26/7/2014
Au centre, Floribert Chebeya, à droite, Fidele Banzana,
à gauche, Paul Mwilambwé
(montage J.M.)
Les témoins ont dû prendre la poudre d’escampette
Le procès lié à cette affaire en RDC, on le sait, a été une véritable mascarade à l’issue de laquelle l’on a eu droit à un déni de justice. Les seconds couteaux ont été mis aux arrêts pendant que le patron de la police, le général John Numbi dont la responsabilité est évidente dans l’affaire, a été purement et simplement blanchi. Les témoins qui pouvaient aider à la manifestation de la vérité ont dû prendre la poudre d’escampette pour sauver leur peau. Ainsi l’un d’eux, Paul Mwilambwé, a fui le Congo pour un pays de l’Afrique de l’Est d’abord. Depuis le mois de novembre dernier, il a trouvé refuge au Sénégal. C’est contre ce dernier, qui était à l’époque des faits en charge de la sécurité du bureau du général John Numbi, que la Fédération internationale des droits de l’Homme (FIDH) a porté plainte avec constitution de partie civile pour crime de torture auprès du doyen des juges près le tribunal régional de Dakar.

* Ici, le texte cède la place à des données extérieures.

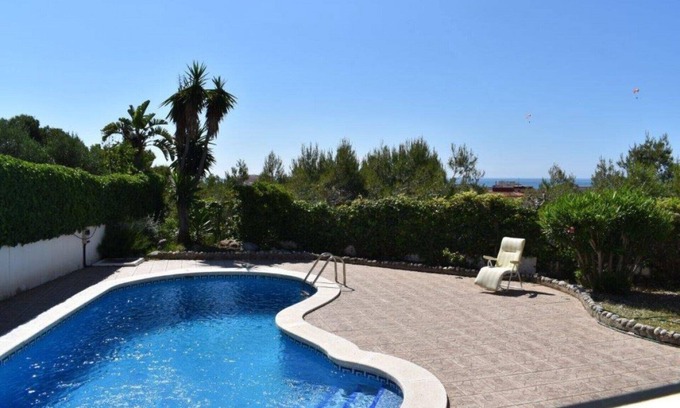Segur de Calafell Ski Chalet | GREAT VACATION RENTAL HOUSE IN SEGUR DE CALAFELL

Un nouvel espoir d’une vraie justice pour Chebeya et son compagnon Fidèle Bazana vient de naître « au pays de la Téranga » avec la plainte de la FIDH contre Paul Mwilambwé qui affirme avoir assisté au double assassinat. Le Sénégal a donc entre ses mains, peut-on dire, un témoin en or qui pourrait l’aider à démêler l’écheveau de l’affaire Chebeya. Le pays de Senghor, qui a eu l’ingénieuse idée d’incorporer dans sa législation la compétence universelle, pourrait, après Paul Mwilambwé, déposer une autre plainte contre le général John Numbi dont tout indique qu’il ne répondra jamais de ses actes en RDC tant que Joseph Kabila, à qui profite ce double assassinat, sera au pouvoir. Cela dit, le Sénégal doit veiller scrupuleusement à la sécurité de Paul Mwilambwé, ce témoin en or, pour que rien de fâcheux ne lui arrive sur son territoire.
L’affaire Chebeya en RDC, illustre à suffisance les failles de la justice en Afrique
Le pouvoir de Joseph Kabila pourrait avoir des raisons de l’envoyer ad patres pour qu’il n’ait pas le temps de dire ce qu’il a vu et entendu dans le cadre de cette affaire. Cela ne serait pas d’ailleurs inédit en Afrique. Le Rwanda de Paul Kagamé et le Maroc de Hassan II l’ont déjà fait. Cela dit, le traitement qui a été réservé à l’affaire Chebeya en RDC, illustre à suffisance les failles de la justice en Afrique. Le principe de la séparation des pouvoirs qui est fondamental pour la démocratie et l’Etat de droit est un véritable leurre. La réalité est que l’institution judiciaire est aux ordres de l’exécutif. Le régime présidentialiste qui est celui de bien des pays africains est certainement pour quelque chose dans cet état de fait. Il consacre l’omnipotence et la suprématie de l’exécutif sur les autres pouvoirs. Toutes les autres institutions de la République sont à sa remorque, notamment l’institution judiciaire. A propos de cette institution, l’on peut affirmer que tant que le président de la République sera en même temps le président du Conseil supérieur de la magistrature, l’indépendance de la justice sera un vain mot. Et ce ne sont pas les princes qui nous gouvernent qui travailleront à leur propre perte en inversant la tendance. Ce travail revient à tous les Africains épris de paix, de justice et de démocratie. Ceux d’entre eux qui prennent part à la rédaction de nos Constitutions doivent mettre un point d’honneur à doter nos pays d’institutions équilibrées en s’inspirant du principe sacré édicté par Montesquieu selon lequel « le pouvoir arrête le pouvoir ». C’est à ce prix que l’Afrique pourra se débarrasser de tous ces prédateurs de la démocratie et de l’Etat de droit, qui sont aujourd’hui en train d’utiliser la démocratie contre la démocratie.